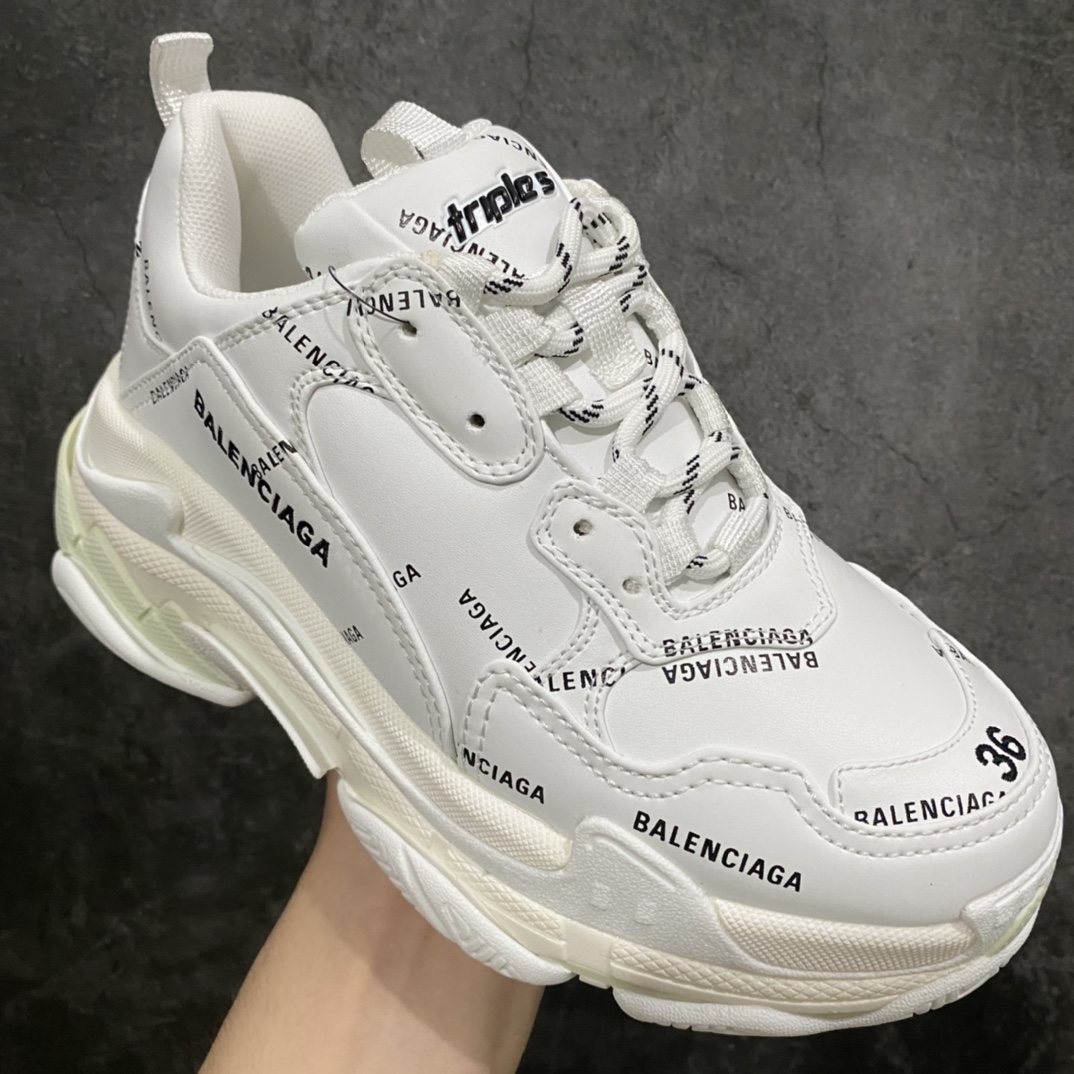 420 Good纯原版本 Balenciaga Triple S 弹幕满印白色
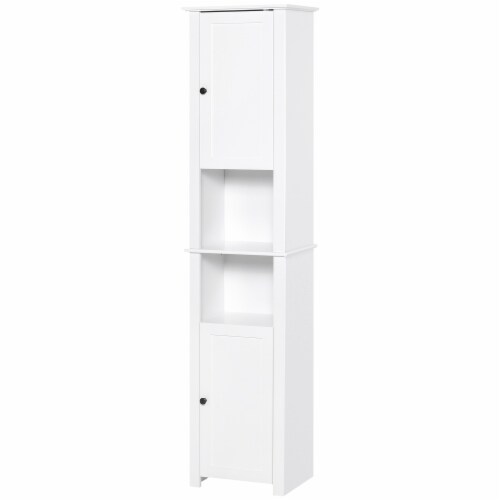 67” Wood Freestanding Bathroom Linen Tower Storage Unit Cabinet White Perspective: back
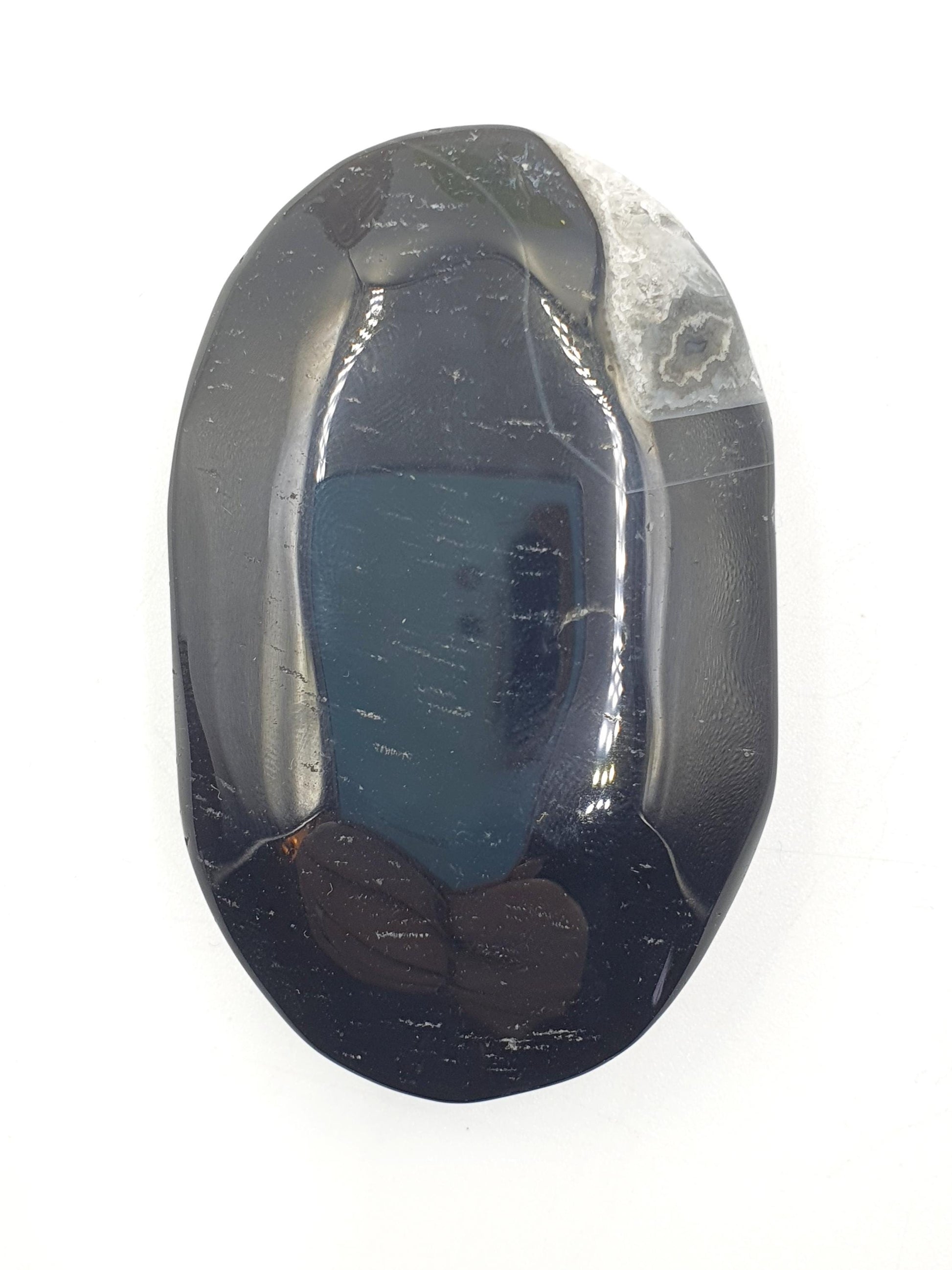 Large Black Banded Agate Drusy Palm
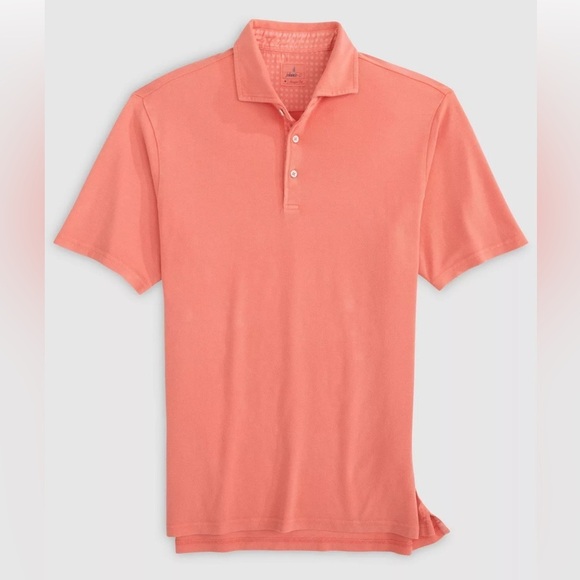 johnnie-O Shoreline Pique Polo shirt Melon (orange salmon color) NWOT MEDIUM - Picture 1 of 7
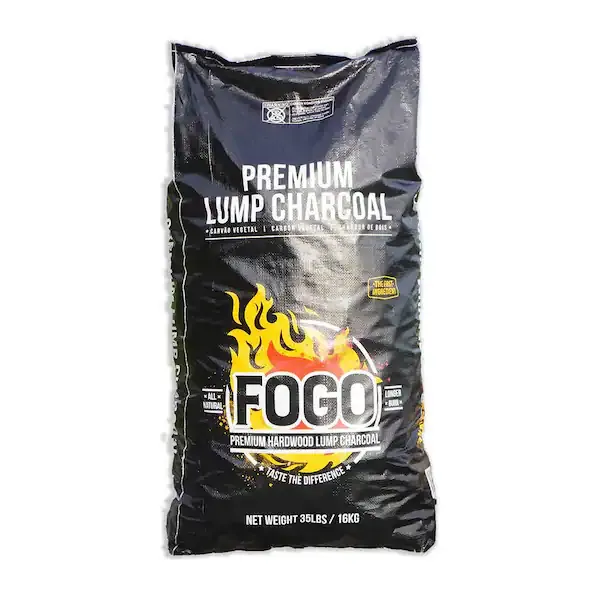 FOGO Premium Oak Restaurant Grade All-Natural Hardwood Flavor Lump Charcoal Fuel for Ideal Grilling and Smoking, Black, 35 Pounds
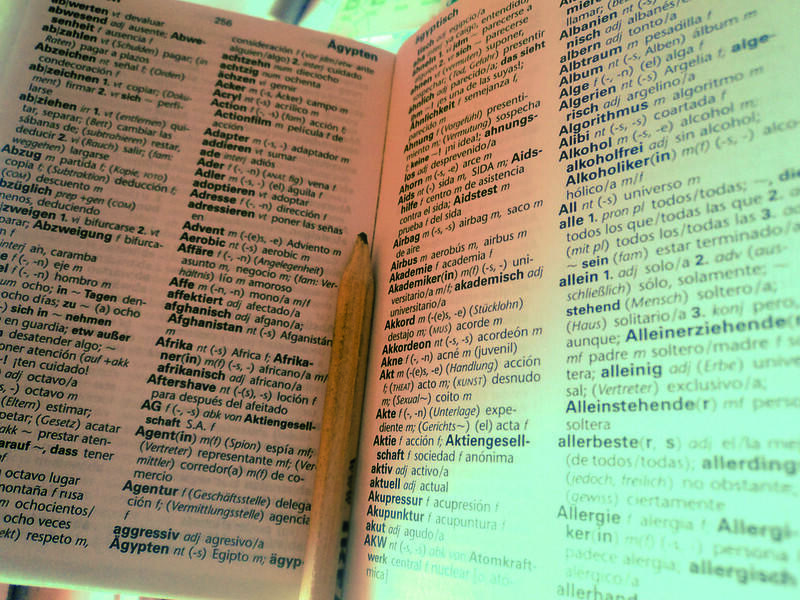 En ordbok som er oppslått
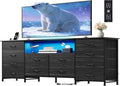 Black TV Stand for 65 70 75 inch TV Entertainment Center with LED Lights &amp Charging Station TV Media Console Table with 12 Fabric Drawers and Open Shelves for Living Room Hallway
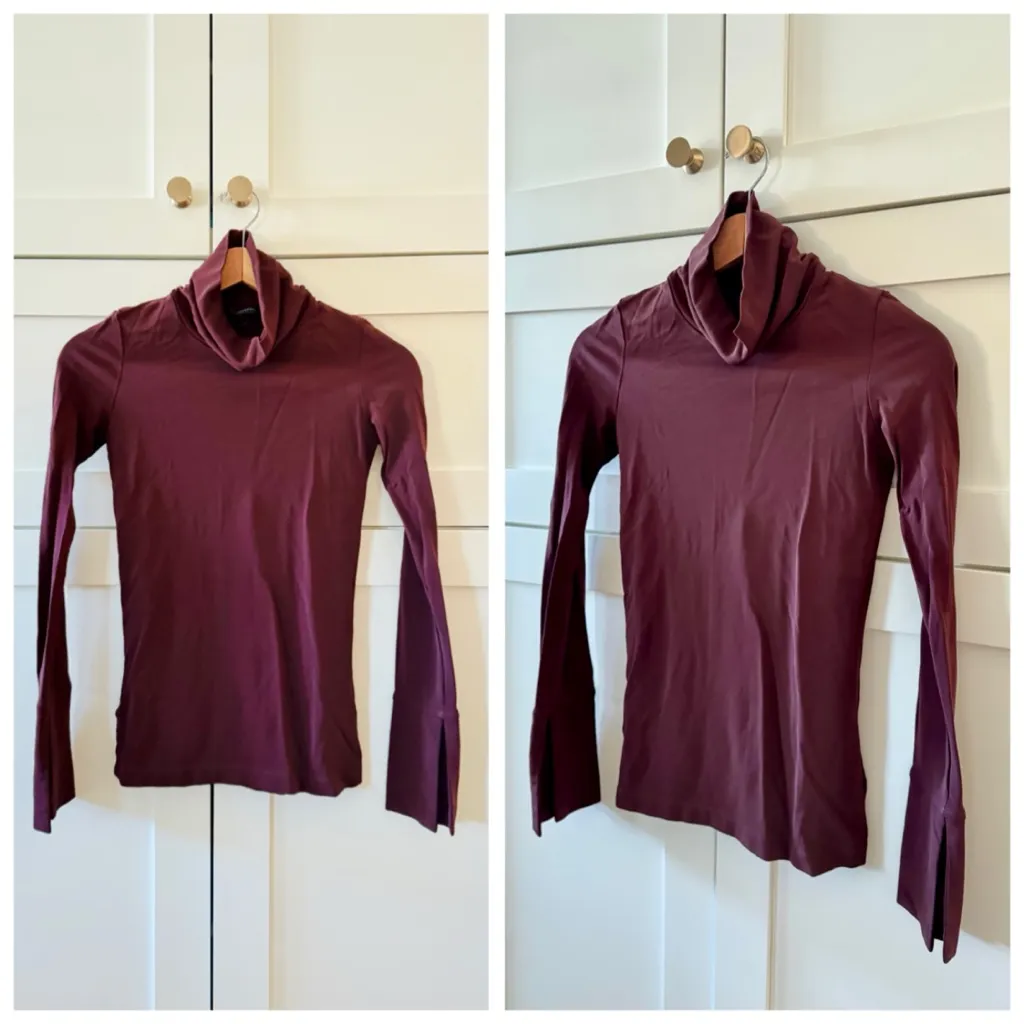 JOSEPH High Neck Crepe Jersey Turtleneck Top, Burgundy Maroon sz. XS - Image 4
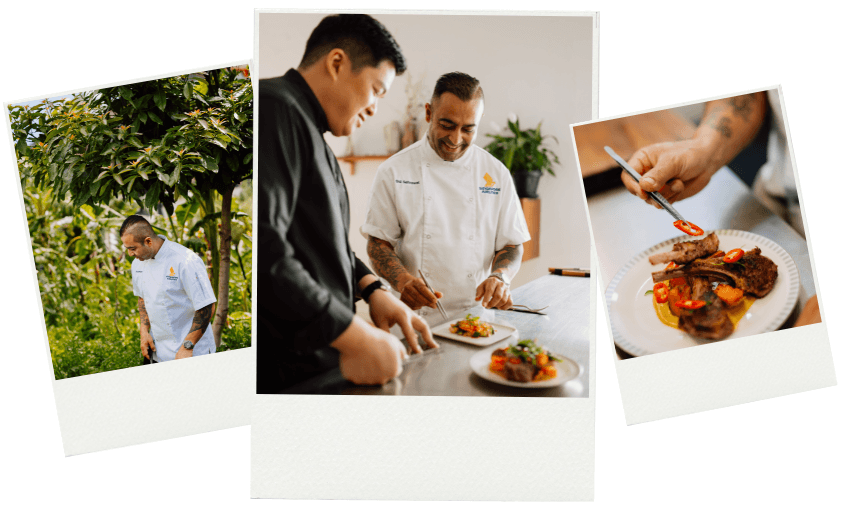 Left image: Chef picking herbs in a garden. Center image: Two chefs plating dishes in a kitchen. Right image: Hand adding sliced peppers to a plated dish.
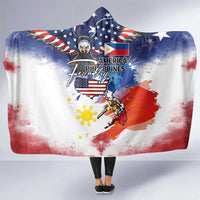 Philippine-American Friendship Hooded Blanket USA Eagle and Philippines Flag with The Maps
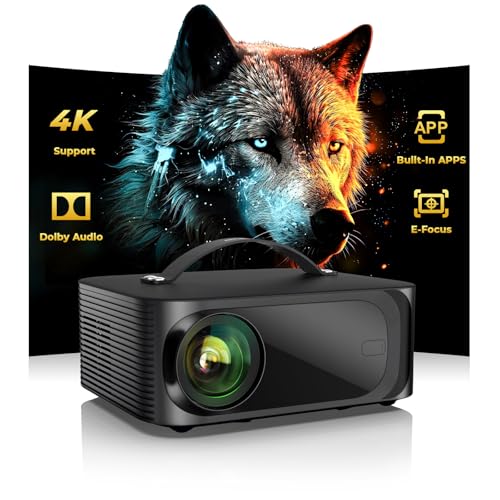 [1200 ANSI/Auto Focus/Built-in APPs] Outdoor-Projector-4K with Wifi6 and Bluetooth, Smart TV OS &...
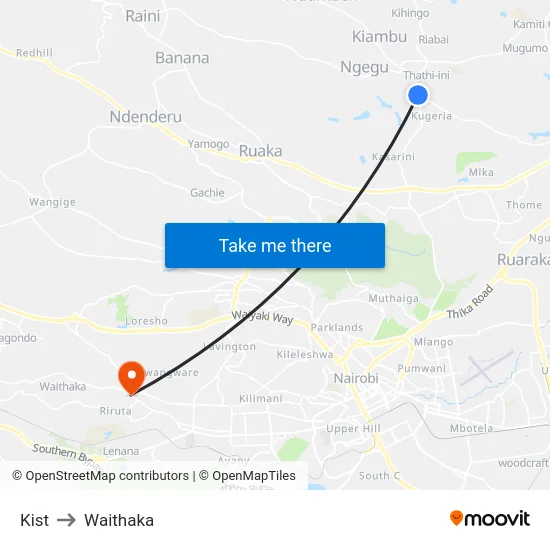 Kist to Waithaka map
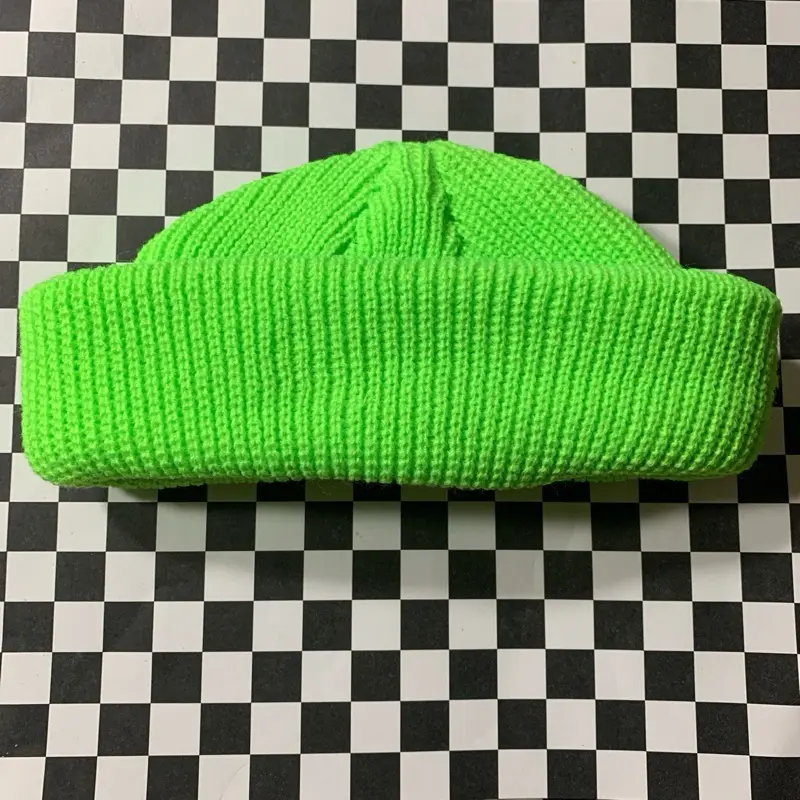 Neon Green Fisherman Beanie - Short Fitting Street Style Beanie for Men, Designed to Cover Crown Above Ears, Knitted Hat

● ● ●

*Exercise details*: Where the line containing "Philippine-American Friendship Hooded" appears, begin writing out the lines word for word, and continue through the last line of the data, leaving out pictures.

*Output for this exercise*:
 Philippine-American Friendship Hooded Blanket USA Eagle and Philippines Flag with The Maps
 [1200 ANSI/Auto Focus/Built-in APPs] Outdoor-Projector-4K with Wifi6 and Bluetooth, Smart TV OS &...
 Kist to Waithaka map
 Neon Green Fisherman Beanie - Short Fitting Street Style Beanie for Men, Designed to Cover Crown Above Ears, Knitted Hat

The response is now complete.